European stock look set to open on a tepid note Tuesday as the 10-year U.S. Treasury yield pushed above 3 percent once again amid Fed tightening worries.
Asian stocks were mostly lower and regional currencies weakened on worries that the Federal Reserve’s rate hikes could drive the U.S. economy into a recession.
The dollar strengthened while the pound trimmed an advance after British Prime Minister Boris Johnson survived a confidence vote among Conservative MPs.
Oil prices rose in Asian trade on expectations of demand recovery in China as Beijing and the commercial hub Shanghai eased COVID-19 curbs and allowed more mobility.
Bitcoin fell back below the $30,000 mark, falling around 5 percent in the last 24 hours.
The European Central Bank meets on Thursday amid expectations it will confirm an end to its long-standing bond buying program and signal a rate hike in July.

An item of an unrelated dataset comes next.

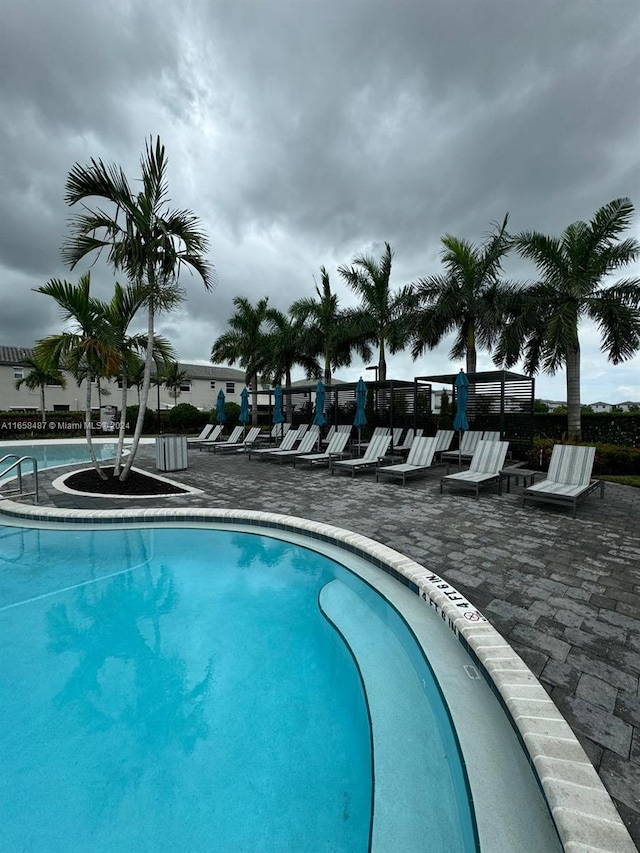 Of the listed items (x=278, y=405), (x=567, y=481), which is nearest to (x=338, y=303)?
(x=278, y=405)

Friday’s inflation numbers from the U.S. will provide more clues on the Fed’s rate-hiking path, with half-a-point interest rate hikes at the June and July policy meetings already priced in by markets.
Factory orders and construction Purchasing Managers’ survey results from Germany are due later in the session, headlining a light day for the European economic news.
Overnight, U.S. stocks came off early highs to end slightly higher as yields nudged up and crude oil prices briefly topped $120 per barrel for the first time since March, fueling worries about central bank policy tightening.
The Dow ended on a flat note, while the S&P 500 rose 0.3 percent and the tech-heavy Nasdaq Composite added 0.4 percent.
European stocks closed on a firm note Monday after a series of positive updates from China including the loosening of Covid-19 restrictions, improved services activity data and reports of possible U.S. tariff cut on Chinese goods.
The pan European Stoxx 600 advanced 0.9 percent. The German DAX rallied 1.3 percent, while France’s CAC 40 index and the U.K.’s FTSE 100 both climbed around 1 percent.